My chairperson is superb: knowledgeable about the law and the education system, wise, tactful and supportive. I feel secure when she agrees with me, but the involvement of other governors is almost non-existent. They rarely visit the school, don't attend all that regularly, and rely on the chair for everything. There is rarely any discussion worth the name. It sounds awful, but I can't help feeling that I'm lucky my governing body is well led and makes the right decisions without fuss.
Of course you are lucky to have a good chair. But is she a good chair?
She's obviously a brilliant personal adviser, and with her knowledge and judgment it isn't surprising that the rest of the governors find it easy to follow her lead. They probably think they are lucky too.
But it wasn't the intention of the law-makers to establish a personal adviser for every headteacher, and although you may well sail through the rest of your career without meeting trouble the relationship is potentially dangerous. Only the governing body has power to decide, to advise, to warn. The individual power of the chair is confined to emergencies, where he or she may take action to protect the school if there isn't even time to call a special meeting.
The idea of having an assorted group of people, drawn from the school community and the wider community, to shape the school's policies is to get a broad base of support for its actions. That support protects you, but not if it is secured without debate or real understanding. If the chair is wise and knowledgeable, it must be tempting for the rest of the governors to accept her guidance and be grateful, and once this becomes a habit it is very difficult for anyone with a doubt to express it. Doubt then becomes dangerous.
There are many clever people who haven't learned that it isn't enough to be right: you must also take others with you. If your chair gets her way too easily she may even in time get careless about going through the motions.

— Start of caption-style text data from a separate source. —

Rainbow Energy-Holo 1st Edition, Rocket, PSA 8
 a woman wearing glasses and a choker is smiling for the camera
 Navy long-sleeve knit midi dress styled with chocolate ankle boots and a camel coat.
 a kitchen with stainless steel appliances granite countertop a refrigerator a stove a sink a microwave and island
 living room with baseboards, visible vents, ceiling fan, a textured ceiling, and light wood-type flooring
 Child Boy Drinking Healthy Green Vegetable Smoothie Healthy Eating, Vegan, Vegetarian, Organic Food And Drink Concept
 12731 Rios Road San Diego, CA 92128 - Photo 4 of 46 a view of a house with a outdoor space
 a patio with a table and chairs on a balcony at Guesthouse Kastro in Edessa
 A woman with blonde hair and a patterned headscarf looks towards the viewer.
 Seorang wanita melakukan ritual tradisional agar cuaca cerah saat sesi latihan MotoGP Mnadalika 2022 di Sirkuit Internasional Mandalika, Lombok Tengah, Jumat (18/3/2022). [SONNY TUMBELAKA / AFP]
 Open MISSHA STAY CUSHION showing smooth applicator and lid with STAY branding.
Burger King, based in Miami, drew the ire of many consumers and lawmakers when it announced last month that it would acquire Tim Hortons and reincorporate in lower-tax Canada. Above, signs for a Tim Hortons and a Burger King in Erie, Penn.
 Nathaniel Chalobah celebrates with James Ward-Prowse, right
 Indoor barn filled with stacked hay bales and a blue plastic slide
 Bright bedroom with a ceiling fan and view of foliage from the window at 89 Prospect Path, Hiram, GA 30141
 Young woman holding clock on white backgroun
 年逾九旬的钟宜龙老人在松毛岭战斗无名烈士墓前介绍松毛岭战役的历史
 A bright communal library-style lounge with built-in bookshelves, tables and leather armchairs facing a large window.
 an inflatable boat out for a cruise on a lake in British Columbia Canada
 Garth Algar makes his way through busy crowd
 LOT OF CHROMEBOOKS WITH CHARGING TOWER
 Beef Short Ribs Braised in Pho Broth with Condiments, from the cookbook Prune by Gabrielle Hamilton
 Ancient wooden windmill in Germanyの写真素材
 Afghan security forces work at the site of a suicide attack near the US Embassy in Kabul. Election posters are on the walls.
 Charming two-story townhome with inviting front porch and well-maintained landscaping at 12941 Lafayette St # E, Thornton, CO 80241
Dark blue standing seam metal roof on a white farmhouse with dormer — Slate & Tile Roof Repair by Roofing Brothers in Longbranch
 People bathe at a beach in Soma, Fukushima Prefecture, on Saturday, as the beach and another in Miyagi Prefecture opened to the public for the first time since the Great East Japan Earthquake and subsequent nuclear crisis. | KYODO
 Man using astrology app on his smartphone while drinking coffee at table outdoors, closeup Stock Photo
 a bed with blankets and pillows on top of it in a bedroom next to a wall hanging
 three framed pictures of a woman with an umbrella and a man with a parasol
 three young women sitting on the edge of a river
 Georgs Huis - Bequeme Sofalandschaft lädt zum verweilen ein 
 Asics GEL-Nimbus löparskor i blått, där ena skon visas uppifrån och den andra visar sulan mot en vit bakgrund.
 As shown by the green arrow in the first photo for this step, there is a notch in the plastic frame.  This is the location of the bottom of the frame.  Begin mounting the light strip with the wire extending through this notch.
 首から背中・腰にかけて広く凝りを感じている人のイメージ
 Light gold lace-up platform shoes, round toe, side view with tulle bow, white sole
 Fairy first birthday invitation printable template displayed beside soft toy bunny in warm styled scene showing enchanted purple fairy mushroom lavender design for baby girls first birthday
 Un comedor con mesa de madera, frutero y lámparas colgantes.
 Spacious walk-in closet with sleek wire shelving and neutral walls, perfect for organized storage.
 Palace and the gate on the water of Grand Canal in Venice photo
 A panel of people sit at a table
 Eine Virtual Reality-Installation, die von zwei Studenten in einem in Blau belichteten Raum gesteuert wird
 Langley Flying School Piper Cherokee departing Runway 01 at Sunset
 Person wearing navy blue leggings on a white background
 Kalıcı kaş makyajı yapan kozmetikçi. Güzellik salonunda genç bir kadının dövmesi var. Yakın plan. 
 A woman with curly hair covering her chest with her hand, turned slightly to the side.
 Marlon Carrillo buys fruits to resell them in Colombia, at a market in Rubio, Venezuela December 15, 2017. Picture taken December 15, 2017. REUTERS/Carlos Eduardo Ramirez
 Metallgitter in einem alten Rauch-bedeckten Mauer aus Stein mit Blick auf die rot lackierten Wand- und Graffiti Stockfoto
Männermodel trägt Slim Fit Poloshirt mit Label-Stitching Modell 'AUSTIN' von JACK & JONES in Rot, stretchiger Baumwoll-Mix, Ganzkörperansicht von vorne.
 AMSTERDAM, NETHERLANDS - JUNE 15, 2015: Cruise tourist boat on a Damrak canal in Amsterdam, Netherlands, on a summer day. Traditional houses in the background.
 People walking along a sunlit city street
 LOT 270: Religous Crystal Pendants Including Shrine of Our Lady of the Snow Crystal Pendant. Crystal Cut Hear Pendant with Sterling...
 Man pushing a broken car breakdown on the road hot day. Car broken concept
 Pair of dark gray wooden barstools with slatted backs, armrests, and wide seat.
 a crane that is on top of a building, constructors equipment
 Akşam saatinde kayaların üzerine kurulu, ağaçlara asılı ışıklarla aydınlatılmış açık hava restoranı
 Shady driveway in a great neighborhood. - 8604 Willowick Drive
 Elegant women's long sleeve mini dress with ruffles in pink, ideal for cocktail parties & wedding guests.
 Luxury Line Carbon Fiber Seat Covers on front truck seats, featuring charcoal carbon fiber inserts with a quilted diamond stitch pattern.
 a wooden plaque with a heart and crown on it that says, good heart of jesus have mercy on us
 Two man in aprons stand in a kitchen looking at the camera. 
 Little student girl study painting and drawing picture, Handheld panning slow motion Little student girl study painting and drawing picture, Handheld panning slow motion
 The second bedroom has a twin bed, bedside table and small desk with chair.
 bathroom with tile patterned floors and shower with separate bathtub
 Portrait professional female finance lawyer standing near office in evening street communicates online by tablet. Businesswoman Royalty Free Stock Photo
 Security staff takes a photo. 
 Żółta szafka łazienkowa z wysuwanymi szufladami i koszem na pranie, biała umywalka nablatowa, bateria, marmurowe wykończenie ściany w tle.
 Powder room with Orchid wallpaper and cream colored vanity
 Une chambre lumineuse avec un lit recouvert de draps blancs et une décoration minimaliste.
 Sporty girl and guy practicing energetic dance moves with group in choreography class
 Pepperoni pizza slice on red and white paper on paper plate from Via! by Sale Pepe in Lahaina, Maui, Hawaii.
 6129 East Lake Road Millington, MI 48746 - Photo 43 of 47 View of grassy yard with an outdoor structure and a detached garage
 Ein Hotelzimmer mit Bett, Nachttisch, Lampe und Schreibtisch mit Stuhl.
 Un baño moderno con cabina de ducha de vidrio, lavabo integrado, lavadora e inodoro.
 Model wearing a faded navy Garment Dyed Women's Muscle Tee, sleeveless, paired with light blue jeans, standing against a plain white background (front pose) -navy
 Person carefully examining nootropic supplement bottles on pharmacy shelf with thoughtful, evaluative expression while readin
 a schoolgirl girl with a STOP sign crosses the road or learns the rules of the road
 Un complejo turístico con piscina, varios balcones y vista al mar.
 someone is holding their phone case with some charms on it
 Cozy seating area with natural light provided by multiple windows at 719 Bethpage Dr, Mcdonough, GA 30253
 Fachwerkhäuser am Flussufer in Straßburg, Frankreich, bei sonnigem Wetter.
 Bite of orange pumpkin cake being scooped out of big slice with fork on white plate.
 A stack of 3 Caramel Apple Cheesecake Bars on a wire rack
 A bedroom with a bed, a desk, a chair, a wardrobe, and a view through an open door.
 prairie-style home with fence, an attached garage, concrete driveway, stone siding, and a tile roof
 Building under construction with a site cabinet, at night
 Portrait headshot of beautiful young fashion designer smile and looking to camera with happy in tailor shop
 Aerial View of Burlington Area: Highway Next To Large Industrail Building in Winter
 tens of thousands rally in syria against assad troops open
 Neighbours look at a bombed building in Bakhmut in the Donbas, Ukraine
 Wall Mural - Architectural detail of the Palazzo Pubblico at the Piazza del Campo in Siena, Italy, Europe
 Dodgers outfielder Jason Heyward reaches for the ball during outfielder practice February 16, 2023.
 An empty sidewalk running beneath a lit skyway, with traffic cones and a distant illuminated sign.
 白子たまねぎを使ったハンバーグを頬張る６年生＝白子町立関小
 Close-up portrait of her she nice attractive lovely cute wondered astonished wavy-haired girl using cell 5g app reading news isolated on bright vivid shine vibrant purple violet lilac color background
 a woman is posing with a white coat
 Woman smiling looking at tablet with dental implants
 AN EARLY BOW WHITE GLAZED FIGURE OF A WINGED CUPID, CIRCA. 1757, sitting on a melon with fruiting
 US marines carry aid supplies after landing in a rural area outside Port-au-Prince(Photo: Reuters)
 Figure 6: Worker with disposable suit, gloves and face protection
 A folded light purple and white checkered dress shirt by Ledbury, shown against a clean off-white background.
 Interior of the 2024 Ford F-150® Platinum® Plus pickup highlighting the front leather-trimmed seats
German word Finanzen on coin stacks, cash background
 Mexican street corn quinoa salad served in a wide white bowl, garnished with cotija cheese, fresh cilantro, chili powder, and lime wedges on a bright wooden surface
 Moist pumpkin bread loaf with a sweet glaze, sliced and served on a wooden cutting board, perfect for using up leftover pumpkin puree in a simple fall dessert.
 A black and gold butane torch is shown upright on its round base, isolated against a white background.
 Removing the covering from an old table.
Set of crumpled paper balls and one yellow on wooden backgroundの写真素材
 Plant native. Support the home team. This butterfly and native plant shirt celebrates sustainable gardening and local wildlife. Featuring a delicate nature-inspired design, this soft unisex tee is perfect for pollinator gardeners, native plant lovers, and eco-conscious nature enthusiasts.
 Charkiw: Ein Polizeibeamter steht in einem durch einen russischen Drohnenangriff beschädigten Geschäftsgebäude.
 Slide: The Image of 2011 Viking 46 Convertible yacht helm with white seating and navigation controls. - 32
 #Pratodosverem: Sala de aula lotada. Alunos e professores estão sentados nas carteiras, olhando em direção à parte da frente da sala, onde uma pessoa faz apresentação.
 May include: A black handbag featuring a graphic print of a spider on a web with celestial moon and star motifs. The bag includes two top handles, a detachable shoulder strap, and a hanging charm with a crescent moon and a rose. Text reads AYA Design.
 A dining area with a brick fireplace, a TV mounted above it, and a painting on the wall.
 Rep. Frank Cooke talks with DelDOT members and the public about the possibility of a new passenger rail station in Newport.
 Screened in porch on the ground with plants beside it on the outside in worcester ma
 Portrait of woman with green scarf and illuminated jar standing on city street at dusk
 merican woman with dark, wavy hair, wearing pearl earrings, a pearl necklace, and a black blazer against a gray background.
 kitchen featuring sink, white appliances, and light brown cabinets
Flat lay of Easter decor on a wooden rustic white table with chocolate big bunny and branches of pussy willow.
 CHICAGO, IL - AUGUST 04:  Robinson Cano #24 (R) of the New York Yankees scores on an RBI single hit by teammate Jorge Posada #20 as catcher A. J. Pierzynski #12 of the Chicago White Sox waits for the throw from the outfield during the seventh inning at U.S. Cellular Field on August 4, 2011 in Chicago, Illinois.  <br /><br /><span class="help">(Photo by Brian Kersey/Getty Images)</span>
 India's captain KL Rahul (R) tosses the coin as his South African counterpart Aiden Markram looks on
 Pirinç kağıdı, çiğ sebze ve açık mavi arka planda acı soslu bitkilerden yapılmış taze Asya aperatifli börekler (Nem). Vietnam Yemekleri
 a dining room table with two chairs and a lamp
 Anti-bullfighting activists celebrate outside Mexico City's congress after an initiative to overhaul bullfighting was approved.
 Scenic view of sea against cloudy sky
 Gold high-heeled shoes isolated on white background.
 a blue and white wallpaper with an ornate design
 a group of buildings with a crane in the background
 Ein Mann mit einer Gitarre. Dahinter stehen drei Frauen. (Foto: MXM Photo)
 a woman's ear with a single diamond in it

So what could go wrong, you want to know. Well, apart from complacency making her accident-prone, your chair risks the possibility that the school may make a decision, especially on a personnel matter, where anyone with a grievance and the resources to go to law could exploit the fact that the decision wasn't made in accordance with regulations. That has happened.
If there is unexpressed doubt within the governing body, that could then be exploited too. Or some decision could unexpectedly upset parents, or cut across some community interest, and you would have lost the chance of a timely warning from a governor with an ear to the ground. The fall-out could well damage the reputation of the governing body as well as you.
Or governors suddenly find themselves in the spotlight - an accident on a school trip, say, or a critical Office for Standards in Education inspection could expose lack of real participation. Simmerings of dissent might then suddenly become very destructive.
I think you should share these thoughts with your admirable chair, and see if together you can embark on a programme of team-building, promoting debate, discovering individual strengths and using them, so that, in time, governors begin to feel real ownership of what is decided in their name.